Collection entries
# # # # # # #
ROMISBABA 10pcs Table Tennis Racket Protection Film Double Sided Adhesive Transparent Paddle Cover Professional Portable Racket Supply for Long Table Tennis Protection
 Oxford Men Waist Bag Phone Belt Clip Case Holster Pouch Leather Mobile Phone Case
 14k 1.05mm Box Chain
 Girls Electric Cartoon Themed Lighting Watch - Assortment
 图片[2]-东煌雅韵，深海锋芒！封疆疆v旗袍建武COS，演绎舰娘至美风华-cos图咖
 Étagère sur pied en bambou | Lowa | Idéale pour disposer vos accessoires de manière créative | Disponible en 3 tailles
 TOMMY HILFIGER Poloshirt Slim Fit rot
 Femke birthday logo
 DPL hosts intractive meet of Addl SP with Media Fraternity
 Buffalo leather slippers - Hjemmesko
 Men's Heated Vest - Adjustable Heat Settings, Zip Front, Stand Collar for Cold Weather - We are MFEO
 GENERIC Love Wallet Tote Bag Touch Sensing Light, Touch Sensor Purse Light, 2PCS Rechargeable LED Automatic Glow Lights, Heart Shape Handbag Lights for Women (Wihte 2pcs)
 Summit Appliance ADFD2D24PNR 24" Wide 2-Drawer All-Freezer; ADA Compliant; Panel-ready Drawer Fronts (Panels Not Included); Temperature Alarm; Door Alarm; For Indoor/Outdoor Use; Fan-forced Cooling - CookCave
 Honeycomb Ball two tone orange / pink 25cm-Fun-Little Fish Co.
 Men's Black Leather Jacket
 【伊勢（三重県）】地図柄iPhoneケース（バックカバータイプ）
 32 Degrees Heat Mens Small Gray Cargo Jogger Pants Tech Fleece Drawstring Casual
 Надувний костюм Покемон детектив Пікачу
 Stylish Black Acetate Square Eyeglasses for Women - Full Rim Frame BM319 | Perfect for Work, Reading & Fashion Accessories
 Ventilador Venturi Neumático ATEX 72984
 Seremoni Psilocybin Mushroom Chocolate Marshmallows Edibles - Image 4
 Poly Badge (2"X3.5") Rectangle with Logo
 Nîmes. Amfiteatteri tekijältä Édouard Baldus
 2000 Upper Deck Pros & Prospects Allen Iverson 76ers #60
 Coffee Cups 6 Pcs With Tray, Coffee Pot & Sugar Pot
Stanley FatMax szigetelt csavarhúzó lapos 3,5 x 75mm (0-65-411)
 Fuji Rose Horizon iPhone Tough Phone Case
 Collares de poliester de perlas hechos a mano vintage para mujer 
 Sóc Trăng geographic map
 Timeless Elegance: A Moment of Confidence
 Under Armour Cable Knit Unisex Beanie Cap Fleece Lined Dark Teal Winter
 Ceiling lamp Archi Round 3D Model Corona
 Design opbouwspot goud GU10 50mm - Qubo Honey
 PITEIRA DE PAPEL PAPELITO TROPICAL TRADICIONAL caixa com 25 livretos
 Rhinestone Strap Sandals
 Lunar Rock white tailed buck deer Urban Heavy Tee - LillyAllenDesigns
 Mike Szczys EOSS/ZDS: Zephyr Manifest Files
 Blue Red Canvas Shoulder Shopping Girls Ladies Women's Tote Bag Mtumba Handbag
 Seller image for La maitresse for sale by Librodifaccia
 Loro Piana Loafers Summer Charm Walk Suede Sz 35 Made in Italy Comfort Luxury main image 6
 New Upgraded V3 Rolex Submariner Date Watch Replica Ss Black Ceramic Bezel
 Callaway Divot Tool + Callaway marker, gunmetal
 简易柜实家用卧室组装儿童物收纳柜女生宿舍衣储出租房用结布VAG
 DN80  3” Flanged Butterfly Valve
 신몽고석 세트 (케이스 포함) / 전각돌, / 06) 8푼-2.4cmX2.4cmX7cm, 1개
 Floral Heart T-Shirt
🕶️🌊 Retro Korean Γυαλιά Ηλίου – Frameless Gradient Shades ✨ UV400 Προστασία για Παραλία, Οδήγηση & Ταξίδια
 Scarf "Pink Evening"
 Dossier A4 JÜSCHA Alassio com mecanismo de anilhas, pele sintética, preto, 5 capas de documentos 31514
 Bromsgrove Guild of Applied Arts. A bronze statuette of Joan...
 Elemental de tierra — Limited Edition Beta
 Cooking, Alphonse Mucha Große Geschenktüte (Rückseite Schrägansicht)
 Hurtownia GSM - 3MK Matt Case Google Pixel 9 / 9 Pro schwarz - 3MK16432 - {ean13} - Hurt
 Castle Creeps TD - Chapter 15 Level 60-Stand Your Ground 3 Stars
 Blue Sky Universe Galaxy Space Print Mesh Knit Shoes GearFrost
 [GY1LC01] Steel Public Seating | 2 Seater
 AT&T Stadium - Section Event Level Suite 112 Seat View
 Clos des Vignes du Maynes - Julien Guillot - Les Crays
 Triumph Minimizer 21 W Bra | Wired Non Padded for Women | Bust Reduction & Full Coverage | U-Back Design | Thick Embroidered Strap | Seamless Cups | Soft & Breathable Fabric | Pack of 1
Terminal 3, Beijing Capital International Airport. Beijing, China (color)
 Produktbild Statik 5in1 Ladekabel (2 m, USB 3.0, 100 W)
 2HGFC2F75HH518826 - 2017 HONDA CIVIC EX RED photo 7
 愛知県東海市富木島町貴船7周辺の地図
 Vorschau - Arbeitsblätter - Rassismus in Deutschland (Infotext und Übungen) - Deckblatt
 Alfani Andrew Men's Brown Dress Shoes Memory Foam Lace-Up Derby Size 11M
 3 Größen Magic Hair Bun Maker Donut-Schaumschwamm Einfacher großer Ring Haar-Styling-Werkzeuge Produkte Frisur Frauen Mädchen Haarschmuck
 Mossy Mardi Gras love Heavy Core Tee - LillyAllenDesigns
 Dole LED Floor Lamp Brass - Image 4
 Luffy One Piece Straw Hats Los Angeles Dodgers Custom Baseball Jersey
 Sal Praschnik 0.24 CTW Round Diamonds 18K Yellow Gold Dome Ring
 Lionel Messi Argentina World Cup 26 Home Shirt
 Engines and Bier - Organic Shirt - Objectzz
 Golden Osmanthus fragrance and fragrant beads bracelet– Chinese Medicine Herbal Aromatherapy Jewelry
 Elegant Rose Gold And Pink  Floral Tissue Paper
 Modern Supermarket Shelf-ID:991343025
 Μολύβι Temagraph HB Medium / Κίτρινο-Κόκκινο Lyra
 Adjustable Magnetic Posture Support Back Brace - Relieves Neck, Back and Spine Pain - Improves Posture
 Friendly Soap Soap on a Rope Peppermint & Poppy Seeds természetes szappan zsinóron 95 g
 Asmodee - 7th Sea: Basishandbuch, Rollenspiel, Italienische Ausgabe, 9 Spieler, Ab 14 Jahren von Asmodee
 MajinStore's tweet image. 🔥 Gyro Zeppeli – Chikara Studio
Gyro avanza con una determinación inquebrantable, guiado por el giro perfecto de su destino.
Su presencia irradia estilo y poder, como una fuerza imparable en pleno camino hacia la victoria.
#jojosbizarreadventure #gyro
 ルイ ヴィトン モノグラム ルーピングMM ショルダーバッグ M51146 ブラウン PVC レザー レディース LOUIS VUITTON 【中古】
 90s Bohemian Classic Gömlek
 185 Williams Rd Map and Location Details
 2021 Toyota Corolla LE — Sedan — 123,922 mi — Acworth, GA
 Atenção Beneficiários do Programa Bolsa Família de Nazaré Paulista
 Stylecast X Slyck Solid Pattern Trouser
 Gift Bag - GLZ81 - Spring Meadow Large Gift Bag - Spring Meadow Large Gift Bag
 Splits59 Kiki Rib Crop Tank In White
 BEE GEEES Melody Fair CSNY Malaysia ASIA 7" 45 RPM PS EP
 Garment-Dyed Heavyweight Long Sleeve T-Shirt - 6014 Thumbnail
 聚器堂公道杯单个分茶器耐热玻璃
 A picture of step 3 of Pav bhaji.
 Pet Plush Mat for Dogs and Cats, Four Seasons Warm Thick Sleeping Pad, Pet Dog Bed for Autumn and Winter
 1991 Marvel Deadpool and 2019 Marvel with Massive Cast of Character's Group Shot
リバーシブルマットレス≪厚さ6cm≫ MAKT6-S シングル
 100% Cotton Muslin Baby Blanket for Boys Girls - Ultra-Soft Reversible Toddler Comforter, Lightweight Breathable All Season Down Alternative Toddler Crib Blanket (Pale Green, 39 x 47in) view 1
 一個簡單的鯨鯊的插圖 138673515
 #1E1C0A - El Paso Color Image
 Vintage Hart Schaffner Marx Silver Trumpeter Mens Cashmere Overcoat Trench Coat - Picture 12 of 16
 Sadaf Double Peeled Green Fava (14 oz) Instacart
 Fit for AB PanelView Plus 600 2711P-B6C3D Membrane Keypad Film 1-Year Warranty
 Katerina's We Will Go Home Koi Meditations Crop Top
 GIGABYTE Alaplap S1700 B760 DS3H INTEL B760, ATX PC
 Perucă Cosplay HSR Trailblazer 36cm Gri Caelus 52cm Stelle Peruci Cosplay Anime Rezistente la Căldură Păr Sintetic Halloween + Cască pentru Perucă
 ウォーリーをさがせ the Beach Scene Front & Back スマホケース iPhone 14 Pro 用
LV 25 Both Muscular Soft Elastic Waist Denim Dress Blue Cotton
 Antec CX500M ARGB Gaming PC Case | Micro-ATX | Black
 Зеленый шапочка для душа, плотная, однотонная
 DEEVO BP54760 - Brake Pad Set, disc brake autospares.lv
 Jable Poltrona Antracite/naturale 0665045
# # # # # # #
* WHAT NEEDS TO BE DONE
Repeat, exactly as they stand above, the lines from the line with "#1E1C0A - El Paso Color Image" to the line with "DEEVO BP54760 - Brake", both lines included.

* OUTPUT OF THE EXERCISE
 #1E1C0A - El Paso Color Image
 Vintage Hart Schaffner Marx Silver Trumpeter Mens Cashmere Overcoat Trench Coat - Picture 12 of 16
 Sadaf Double Peeled Green Fava (14 oz) Instacart
 Fit for AB PanelView Plus 600 2711P-B6C3D Membrane Keypad Film 1-Year Warranty
 Katerina's We Will Go Home Koi Meditations Crop Top
 GIGABYTE Alaplap S1700 B760 DS3H INTEL B760, ATX PC
 Perucă Cosplay HSR Trailblazer 36cm Gri Caelus 52cm Stelle Peruci Cosplay Anime Rezistente la Căldură Păr Sintetic Halloween + Cască pentru Perucă
 ウォーリーをさがせ the Beach Scene Front & Back スマホケース iPhone 14 Pro 用
LV 25 Both Muscular Soft Elastic Waist Denim Dress Blue Cotton
 Antec CX500M ARGB Gaming PC Case | Micro-ATX | Black
 Зеленый шапочка для душа, плотная, однотонная
 DEEVO BP54760 - Brake Pad Set, disc brake autospares.lv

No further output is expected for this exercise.